- **WHAT YOU NEED TO DO**: Return, from the data below, each line that contains the word "then".

- **DATASET CONTENT**:
☆ ☆ ☆ ☆
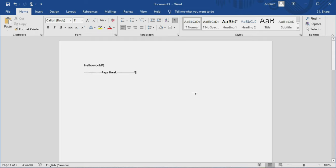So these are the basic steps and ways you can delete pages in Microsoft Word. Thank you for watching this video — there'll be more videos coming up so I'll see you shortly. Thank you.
☆ ☆ ☆ ☆
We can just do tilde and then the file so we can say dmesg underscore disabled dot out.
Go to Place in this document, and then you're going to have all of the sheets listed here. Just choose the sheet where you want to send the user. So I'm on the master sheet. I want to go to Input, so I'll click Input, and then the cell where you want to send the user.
☆ ☆ ☆ ☆
- **EXERCISE SOLUTION**:
We can just do tilde and then the file so we can say dmesg underscore disabled dot out.
Go to Place in this document, and then you're going to have all of the sheets listed here. Just choose the sheet where you want to send the user. So I'm on the master sheet. I want to go to Input, so I'll click Input, and then the cell where you want to send the user.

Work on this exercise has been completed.